The invasion of North Africa on 8 November 1942 was the first ground offensive for U.S. troops against the European Axis Powers, and so the beaches of Algeria and Morocco, the barren hills and dry wadis of Tunisia, became the proving grounds for equipment, for tactics, and for men. From North Africa the battle line moved up to Sicily, to Italy, and into southern France, but for the Medical Department the Mediterranean remained a “pilot” theater whose accumulated experience saved countless lives on other fronts. Medical units that had served well in the static warfare of World War I were modified or discarded on the basis of their performance in the Mediterranean. New techniques, such as the treatment of psychiatric casualties in the combat zone, and the use of penicillin in forward surgery, were tested. The smaller, more mobile field and evacuation hospitals became the workhorses of the theater. Jeeps fitted with litter racks served as front-line ambulances, while transport planes, their cargoes delivered at forward airfields, were pressed into service to evacuate the wounded.

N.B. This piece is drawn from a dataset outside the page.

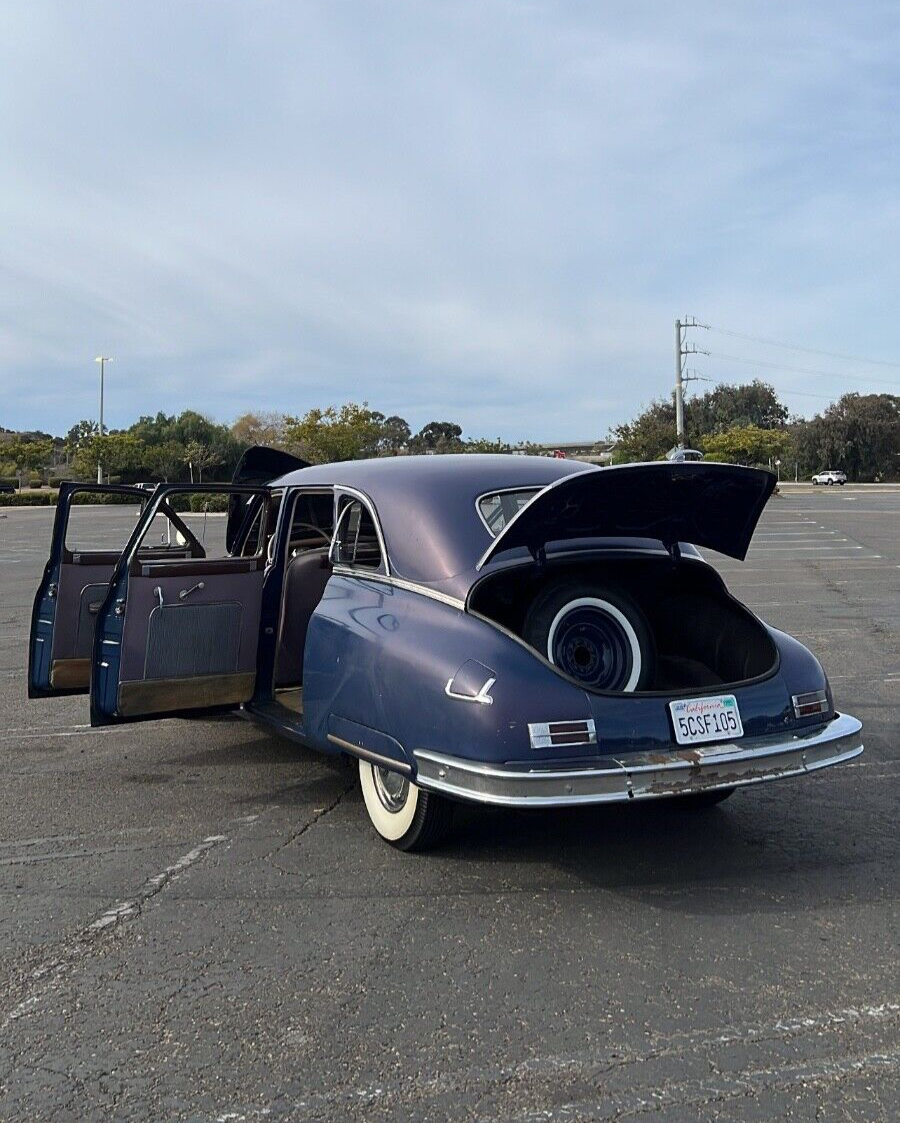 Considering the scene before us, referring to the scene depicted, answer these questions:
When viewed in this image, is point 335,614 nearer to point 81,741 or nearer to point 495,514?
point 495,514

In the grand strategy of the war the bloody Italian campaign was a diversion, to engage as many enemy troops as possible with the smallest possible commitment of Allied strength. This meant, for the combat troops, being always outnumbered. It meant over and again, for medical and line commanders alike, giving up formations with priceless battle experience in exchange for willing but untried replacements. In physical terms the theater imposed the extremes of desert, marsh, and mountain barrier; of exposed plains crossed by swollen rivers; and the hazards of rain, snow, sleet and mud, each demanding of the supporting medical complements revised techniques and new expedients. In no other American combat zone was there anything comparable to the desert warfare of Tunisia, to the long martyrdom of Anzio, or to the bitter ridge-by-ridge encounters of the Apennines. Small wonder that the medical service described in these pages was often improvised and always pushed to the very limit of its means, yet nowhere did the Medical Department attain a higher level of effectiveness.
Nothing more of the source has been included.